** Opening SUPPLIED DATA block **

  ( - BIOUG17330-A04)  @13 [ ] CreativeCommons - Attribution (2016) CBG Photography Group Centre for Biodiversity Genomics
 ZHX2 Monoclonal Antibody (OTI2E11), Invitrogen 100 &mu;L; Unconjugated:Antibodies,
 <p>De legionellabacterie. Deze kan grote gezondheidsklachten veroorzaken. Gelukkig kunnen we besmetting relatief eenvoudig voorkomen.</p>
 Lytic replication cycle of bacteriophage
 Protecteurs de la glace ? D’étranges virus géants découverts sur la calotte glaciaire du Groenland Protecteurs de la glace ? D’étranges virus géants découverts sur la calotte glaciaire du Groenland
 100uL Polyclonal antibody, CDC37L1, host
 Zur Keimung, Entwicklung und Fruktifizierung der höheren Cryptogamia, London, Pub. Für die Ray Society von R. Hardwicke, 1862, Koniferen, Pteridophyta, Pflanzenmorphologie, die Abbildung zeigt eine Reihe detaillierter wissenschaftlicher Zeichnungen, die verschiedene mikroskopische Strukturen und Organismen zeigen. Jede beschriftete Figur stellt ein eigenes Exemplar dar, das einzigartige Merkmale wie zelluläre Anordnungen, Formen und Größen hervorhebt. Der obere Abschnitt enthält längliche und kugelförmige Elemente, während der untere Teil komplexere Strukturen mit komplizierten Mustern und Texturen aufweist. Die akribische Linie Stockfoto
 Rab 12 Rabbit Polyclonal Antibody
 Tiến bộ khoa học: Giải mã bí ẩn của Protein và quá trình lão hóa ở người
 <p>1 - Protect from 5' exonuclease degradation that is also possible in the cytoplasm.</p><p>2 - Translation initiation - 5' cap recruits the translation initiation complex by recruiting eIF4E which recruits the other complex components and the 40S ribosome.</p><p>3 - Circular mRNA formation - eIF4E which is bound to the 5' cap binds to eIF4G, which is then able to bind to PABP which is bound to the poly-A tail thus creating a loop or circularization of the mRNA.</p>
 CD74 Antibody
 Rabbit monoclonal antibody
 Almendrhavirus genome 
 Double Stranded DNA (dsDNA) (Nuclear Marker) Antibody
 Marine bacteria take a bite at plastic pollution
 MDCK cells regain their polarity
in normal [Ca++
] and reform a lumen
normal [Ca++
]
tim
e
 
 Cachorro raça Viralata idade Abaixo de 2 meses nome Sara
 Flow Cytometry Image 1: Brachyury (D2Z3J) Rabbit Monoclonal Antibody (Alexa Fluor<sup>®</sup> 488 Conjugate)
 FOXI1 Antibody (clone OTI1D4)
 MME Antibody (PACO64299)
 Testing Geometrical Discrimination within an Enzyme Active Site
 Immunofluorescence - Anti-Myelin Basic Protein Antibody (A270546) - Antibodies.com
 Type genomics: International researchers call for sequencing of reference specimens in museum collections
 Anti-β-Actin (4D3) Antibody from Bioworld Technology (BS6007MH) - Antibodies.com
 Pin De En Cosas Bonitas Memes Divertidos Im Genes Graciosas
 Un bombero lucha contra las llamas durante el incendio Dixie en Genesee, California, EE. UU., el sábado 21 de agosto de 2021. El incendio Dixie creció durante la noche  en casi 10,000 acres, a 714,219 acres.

** Closing SUPPLIED DATA block **

EXERCISE INSTRUCTIONS -
Go through the entries above and count the lines containing "Polyclonal". Give the number only.

YOUR SOLUTION -
2